200 bin abone kaybetti
Gazetenin aday desteği açıklamama kararı, büyük tepkilere yol açtı. Demokrat Kamala Harris ile Cumhuriyetçi Donald Trump'ın yarıştığı ABD başkanlık seçimlerinde hiçbir adaya destek vermeme kararı almasının ardından editör kurulundan 3 kişinin istifa ettiği belirtilmişti. ABD Ulusal Halk Radyosu'nun (NPR) raporunda da kararın ardından yaklaşık 200 bin dijital aboneliğin iptal edildiği bildirildi.
Ne olmuştu?
ABD'nin en etkili yayın organlarından biri olan The Washington Post, 5 Kasım'daki seçimlerde herhangi bir adaya yönelik destek açıklamama kararı almıştı. Gazeteden yapılan açıklamada, "Ne bu seçimde ne de gelecekteki herhangi bir başkanlık seçiminde herhangi bir başkan adayını desteklemeyeceğiz" denilmiş ve "Köklerimize geri dönüyoruz" ifadeleri kullanılmıştı.
Neden?
ABD medyası, genellikle, seçimler öncesinde başkan adayları arasında kimi destekleyeceğini duyuruyor.

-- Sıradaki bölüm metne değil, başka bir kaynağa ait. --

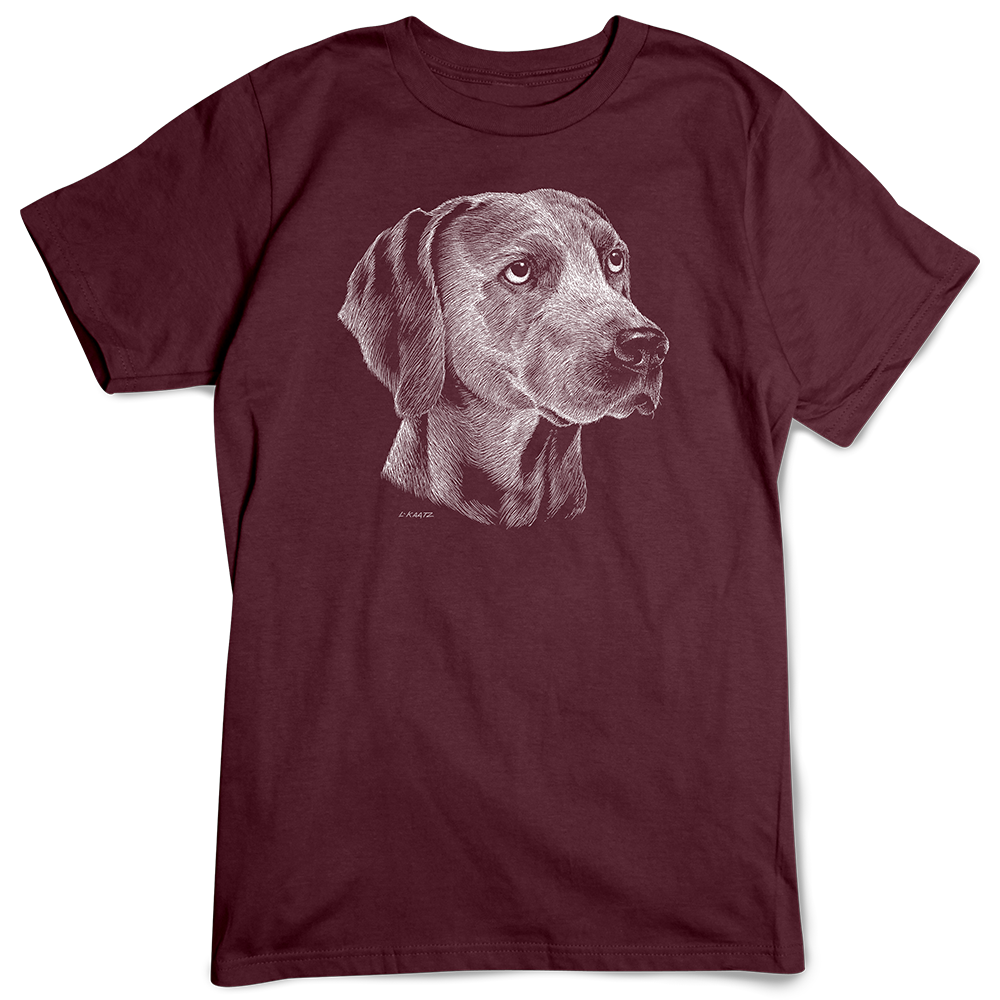 Artopia - Wholesale Screen Printed T-Shirt - Unisex - Weimaraner T-shirt, Scratchboard Dog Breed1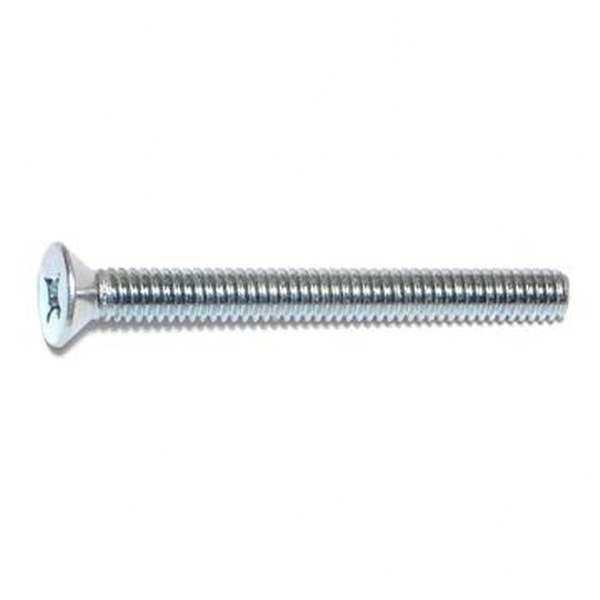 1/4-20 X 2-1/2 PHIL FLAT MACH SCREW ZINC 25/PK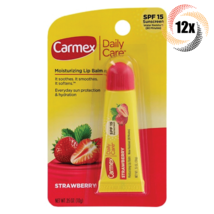 12x Packs Carmex Daily Care Strawberry Moisturizing Lip Balm Tubes | .35oz - £20.47 GBP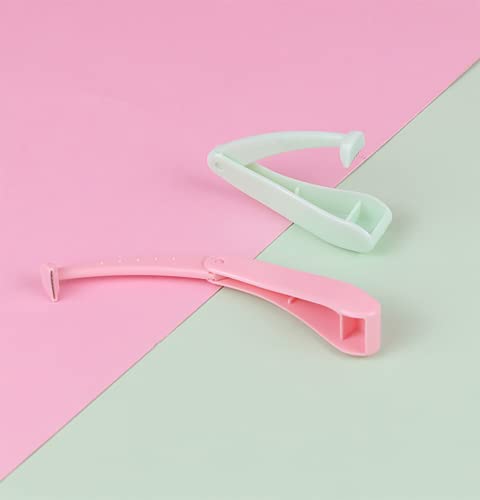 WOIWO 2 Pieces/Decoration Eyebrow Knife Set Model T Rake Knife Safety Eyebrow Shaving Knife Shaving Knife Beauty Tool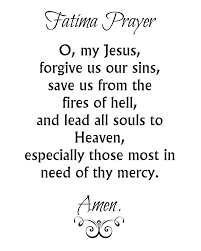 Image result for prayer of Fatima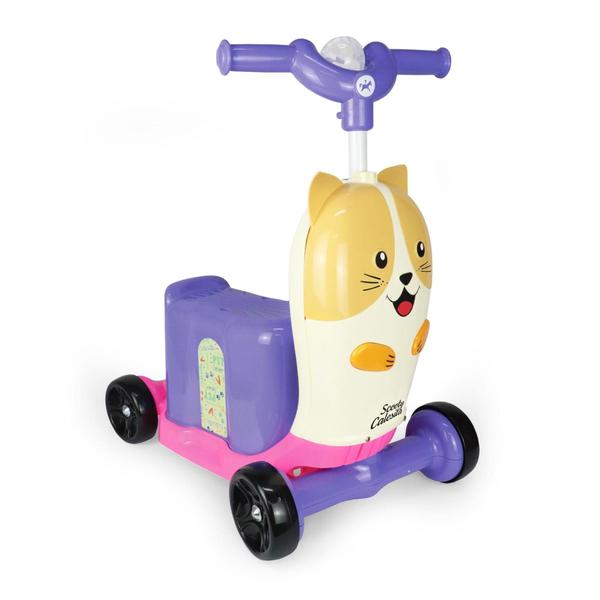 Imagem de Patinete Infantil Scooty Cat Gato Rosa - Calesita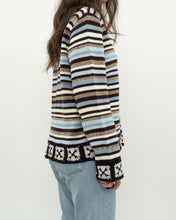 Load image into Gallery viewer, Vintage x LIZ CLAIBORNE Knit Stripe Cotton-blend Pattern Sweater (XS-L)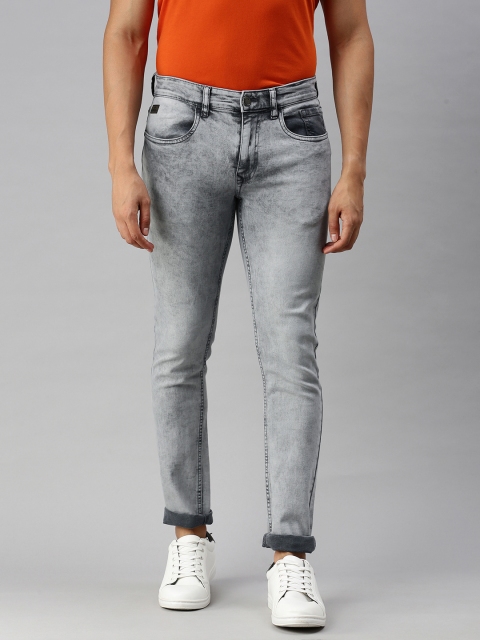 

WROGN Men Grey Slim Fit Heavy Fade Stretchable Jeans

Ancak bu, medyanın bağımsızlığı açısından tartışılan bir konu. ABD'de, ana akım sol liberal medyanın büyük oranda Demokrat adayları, sağ muhafazakar medyanın ise Cumhuriyetçi adayları desteklediği biliniyor. Bu kapsamda da Washington Post'un Kamala Harris'e destek açıklamaktan vazgeçtiği değerlendiriliyor. Bu da büyük tepkilere yol açıyor.
Yine de analistler, ABD'de artan kutuplaşma ve medya şirketlerinin yaşadığı ekonomik zorluklar nedeniyle yayın organlarının tarafsız görünmek ve bu şekilde abone kaybetmemek için çabaladığını ifade ediyor.